I'm not sure if I was very clear on this, but I intended for those
constants to be used as flags for describing characteristics of
platform-specific system states. On X86, ACPI would provide the system
states. So a suspend to ram state like ACPI S3 might be:
PM_SYSTEM_STATE_SLEEP & PM_SYSTEM_STATE_SUSPEND_RAM &
PM_SYSTEM_STATE_BALANCED
And S4 might be:
PM_SYSTEM_STATE_OFF & PM_SYSTEM_STATE_SUSPEND_DISK
I think these may need to be revised. I look forward to any
suggestions.
Power drivers will often have knowledge of the platform-specific states,
and they will inform the policy manager of what states/options are
available. The policy manger will then attempt to determine the
intentions of the system state, and after also factoring in user
settings, choose which state to use. Policy managers have the option of
considering the actual system state number if they're aware of it.

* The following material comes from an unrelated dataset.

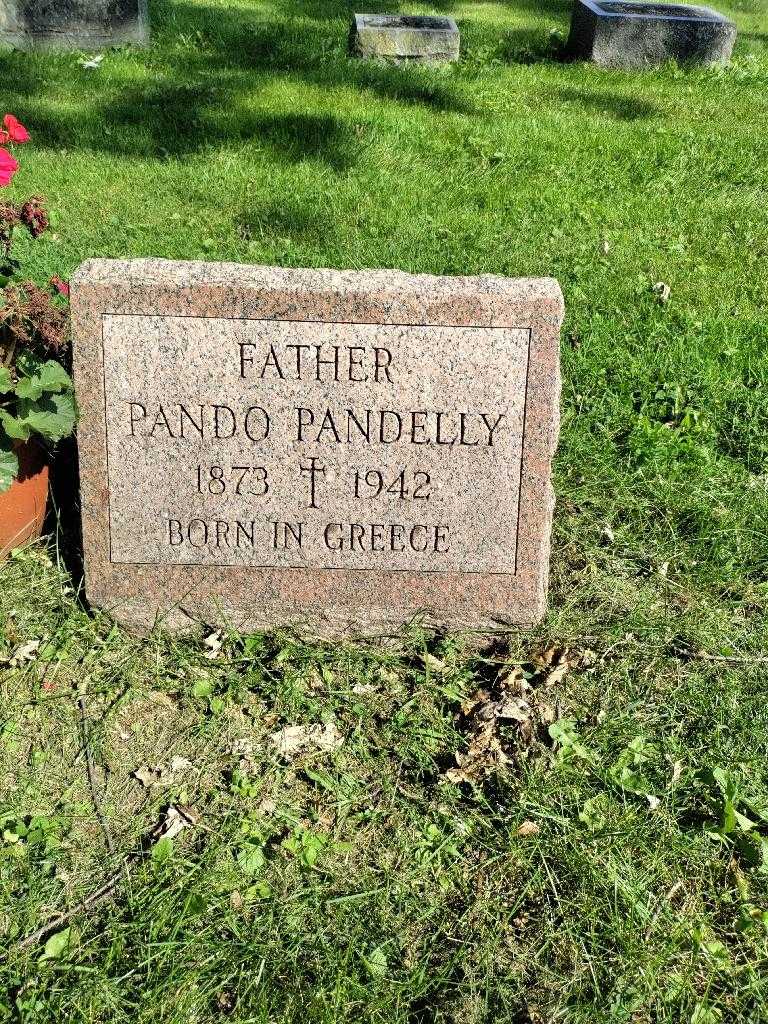 Pando Peter Pandelly's grave. Photo 1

Otherwise, they will use the flags to guess what would be appropriate
for the system state.
>
> This is where I see the policy managers taking a greater role. In
> addition to the hard coded states (the first five you defined sound fine
> to me), the user would define a number of pseudo system states as well
> as define the translation tables for device states under those pseudo
> states. Each pseudo state would be registered with the PM core and
> assigned a unique identifier.
That's an interesting idea. How would the sysfs interface work? In
general, it's challenging to allow the user to define policy
configuration settings on a per-system-state basis.
>
> We would then define a system state flag, say
> PM_SYSTEM_STATE_PSEUDO, which would prompt a driver to query its policy
> manager to get the translation for the right device state. Those
> devices that don't understand or care about user defined power
> states would simply ignore the flag.
I think the policy manager would directly request for a change of the
state. Then the driver would handle *suspend. Although the policy
manger is code included with the driver, I'd like it to handle any
decisions. So it would be the policy manager's job to notice something
like PM_SYSTEM_STATE_PSEUDO.
>
> I think that way we could keep things simple for for the laptop /
> desktop folks while still providing a bit of flexibility on the embedded
> side of things.
>
> Regards,
> Jordan
I appreciate the comments.
Thanks,
Adam
[-- Attachment #2: Type: text/plain, Size: 0 bytes --]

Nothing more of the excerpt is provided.